INFORMATION PROVIDED below:
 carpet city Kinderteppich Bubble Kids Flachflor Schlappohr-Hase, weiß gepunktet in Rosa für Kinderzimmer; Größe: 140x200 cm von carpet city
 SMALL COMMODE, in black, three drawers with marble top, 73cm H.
End of INFORMATION PROVIDED.
INFORMATION PROVIDED below:
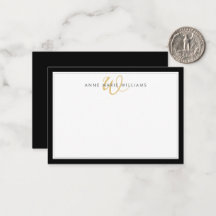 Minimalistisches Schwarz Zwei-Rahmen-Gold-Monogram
End of INFORMATION PROVIDED.
INFORMATION PROVIDED below:
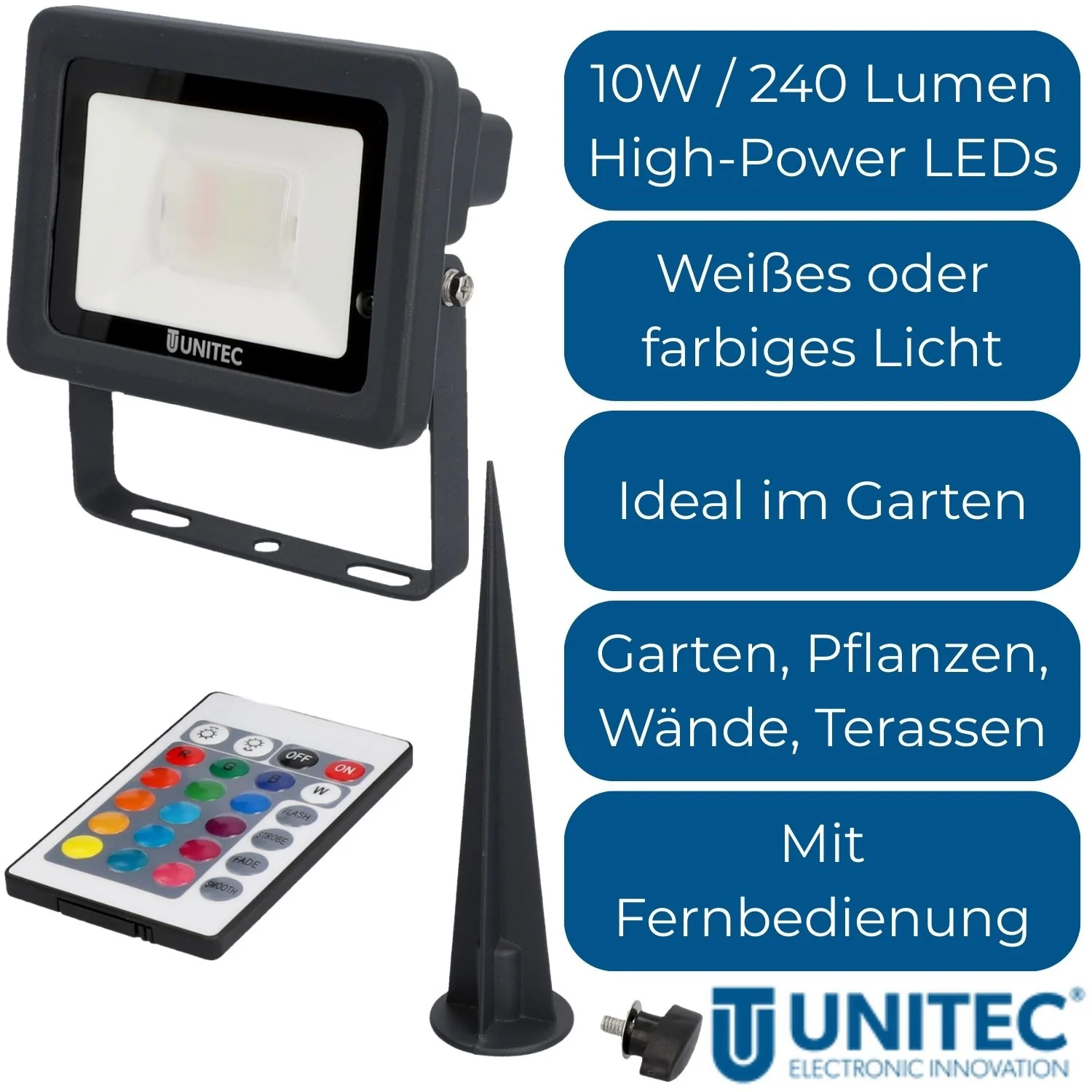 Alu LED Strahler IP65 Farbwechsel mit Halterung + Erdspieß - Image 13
End of INFORMATION PROVIDED.
* THE TASK *
Please write out, exactly as they appear above, only the lines in the stretch from the line with "carpet city Kinderteppich" through the line with "SMALL COMMODE, in".

* RESULT *
 carpet city Kinderteppich Bubble Kids Flachflor Schlappohr-Hase, weiß gepunktet in Rosa für Kinderzimmer; Größe: 140x200 cm von carpet city
 SMALL COMMODE, in black, three drawers with marble top, 73cm H.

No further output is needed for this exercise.